Tuesday, September 12, 2006

Hipocrisy in the Harvard CSA

pic taken from here

This, on the surface, is not my issue. I am not a member of the Catholic Church, and as an outsider, I am rightfully myopic in my view of internal matters of the Church. Harvard student organizations, however, have a duty to serve students, and the Harvard Catholic Church, a duty to minister to all those who consider themselves among the faithful. This Harvard church is about to lose 1 more soul.

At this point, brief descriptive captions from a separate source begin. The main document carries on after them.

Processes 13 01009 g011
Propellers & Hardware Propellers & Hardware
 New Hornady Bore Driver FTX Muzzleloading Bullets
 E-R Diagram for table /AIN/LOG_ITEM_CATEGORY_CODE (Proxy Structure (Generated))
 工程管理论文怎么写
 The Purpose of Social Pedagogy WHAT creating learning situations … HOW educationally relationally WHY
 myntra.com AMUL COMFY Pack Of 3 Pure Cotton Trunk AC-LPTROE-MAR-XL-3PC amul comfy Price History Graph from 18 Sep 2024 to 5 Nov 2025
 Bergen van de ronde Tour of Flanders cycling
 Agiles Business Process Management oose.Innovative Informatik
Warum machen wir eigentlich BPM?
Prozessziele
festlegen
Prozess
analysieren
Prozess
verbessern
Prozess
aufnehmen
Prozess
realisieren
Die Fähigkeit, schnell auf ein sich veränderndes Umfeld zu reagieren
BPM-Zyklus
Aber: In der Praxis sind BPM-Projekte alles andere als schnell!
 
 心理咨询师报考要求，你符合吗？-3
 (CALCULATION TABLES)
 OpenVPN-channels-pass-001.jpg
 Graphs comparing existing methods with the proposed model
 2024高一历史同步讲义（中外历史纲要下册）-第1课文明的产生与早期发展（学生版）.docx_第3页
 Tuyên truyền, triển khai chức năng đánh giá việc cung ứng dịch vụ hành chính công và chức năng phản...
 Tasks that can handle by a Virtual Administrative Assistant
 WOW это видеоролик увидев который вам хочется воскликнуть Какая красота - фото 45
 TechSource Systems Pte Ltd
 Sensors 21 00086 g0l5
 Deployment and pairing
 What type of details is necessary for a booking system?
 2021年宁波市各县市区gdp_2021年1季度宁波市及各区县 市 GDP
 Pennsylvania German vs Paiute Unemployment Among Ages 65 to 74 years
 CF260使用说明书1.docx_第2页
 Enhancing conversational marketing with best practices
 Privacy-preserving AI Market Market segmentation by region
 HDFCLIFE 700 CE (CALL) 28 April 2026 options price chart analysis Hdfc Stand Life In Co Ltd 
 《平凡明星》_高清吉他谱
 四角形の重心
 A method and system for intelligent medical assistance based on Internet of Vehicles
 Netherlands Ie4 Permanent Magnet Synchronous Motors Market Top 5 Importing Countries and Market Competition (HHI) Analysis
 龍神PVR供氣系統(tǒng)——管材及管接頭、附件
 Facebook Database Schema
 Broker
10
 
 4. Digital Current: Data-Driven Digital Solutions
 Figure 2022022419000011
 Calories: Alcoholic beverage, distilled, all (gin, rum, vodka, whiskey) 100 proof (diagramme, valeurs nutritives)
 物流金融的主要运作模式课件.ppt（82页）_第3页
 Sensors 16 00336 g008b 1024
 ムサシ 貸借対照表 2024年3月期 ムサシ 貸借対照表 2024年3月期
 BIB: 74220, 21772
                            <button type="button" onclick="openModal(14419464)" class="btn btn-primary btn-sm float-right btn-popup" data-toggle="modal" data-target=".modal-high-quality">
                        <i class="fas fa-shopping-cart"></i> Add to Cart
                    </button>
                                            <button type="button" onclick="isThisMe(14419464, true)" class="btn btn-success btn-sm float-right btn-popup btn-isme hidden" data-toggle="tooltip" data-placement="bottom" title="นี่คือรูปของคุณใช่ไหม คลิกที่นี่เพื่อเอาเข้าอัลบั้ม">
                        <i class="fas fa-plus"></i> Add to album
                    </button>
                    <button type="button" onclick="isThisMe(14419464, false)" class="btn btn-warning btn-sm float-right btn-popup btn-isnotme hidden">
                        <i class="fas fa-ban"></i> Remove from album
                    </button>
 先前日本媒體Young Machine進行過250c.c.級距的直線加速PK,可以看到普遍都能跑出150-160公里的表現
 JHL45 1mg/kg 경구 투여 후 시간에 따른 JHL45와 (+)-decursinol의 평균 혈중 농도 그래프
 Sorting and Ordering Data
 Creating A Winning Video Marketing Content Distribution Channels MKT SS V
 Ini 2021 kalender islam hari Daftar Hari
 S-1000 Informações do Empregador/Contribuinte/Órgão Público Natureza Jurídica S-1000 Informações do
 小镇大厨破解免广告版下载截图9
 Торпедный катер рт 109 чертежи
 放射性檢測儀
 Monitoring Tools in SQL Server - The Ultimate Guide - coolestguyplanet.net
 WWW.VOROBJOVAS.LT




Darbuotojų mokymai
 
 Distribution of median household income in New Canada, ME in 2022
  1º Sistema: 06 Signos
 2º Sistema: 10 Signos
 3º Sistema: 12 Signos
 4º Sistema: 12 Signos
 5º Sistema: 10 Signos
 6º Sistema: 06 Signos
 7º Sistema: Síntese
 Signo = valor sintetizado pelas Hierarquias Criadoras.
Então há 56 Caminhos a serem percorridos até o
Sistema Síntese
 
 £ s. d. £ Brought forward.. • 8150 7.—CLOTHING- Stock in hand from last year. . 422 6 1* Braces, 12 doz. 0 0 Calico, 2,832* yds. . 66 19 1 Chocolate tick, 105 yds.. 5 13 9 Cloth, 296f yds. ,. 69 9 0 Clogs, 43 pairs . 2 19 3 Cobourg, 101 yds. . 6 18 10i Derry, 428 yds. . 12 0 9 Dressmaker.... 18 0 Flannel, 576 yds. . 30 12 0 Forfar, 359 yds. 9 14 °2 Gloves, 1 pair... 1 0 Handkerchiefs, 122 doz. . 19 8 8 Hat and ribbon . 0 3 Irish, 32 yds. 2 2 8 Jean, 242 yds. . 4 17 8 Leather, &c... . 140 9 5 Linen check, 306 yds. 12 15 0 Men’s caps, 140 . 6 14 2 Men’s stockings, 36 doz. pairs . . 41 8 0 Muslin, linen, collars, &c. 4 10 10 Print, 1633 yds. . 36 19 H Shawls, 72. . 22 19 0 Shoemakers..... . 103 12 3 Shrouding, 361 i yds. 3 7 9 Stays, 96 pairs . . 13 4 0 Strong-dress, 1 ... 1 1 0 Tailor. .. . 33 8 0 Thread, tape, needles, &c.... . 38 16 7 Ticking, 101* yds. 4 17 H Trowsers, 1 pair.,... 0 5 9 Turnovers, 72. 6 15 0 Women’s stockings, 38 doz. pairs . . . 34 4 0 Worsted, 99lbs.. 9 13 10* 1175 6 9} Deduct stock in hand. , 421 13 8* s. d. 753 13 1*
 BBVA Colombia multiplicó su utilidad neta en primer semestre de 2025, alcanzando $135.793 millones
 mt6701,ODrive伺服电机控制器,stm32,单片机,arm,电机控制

It is heart-breaking to see someone loses his faith in an organization where he once had so much faith and love. I see it as a slow death, a choking, stifling suffocation that rots from the core but leaves the gilded exterior unmarred. M. loves the church. He is a devout member and goes to church every Sunday. He also happens to be gay. The greater Catholic Church at the moment isn't exactly welcoming to gays. Still, M. runs a student support group within the Catholic Student Association for GBLTQ name Cornerstone, helping to fulfill a central mission of the CSA, a mission that is supposed to bring the faithful into communion, regardless of their differences, to celebrate the miracle of Christ's love. The CSA in the past has been a welcoming haven to people like M. Tiptoeing the line between loving the individual and hating the 'sin', the CSA has managed to strike a seemingly impossible pose of tolerance and doctrinal coherency in supporting an organization like Cornerstone. I once strongly respected them for this. I now realize my respect is misguided.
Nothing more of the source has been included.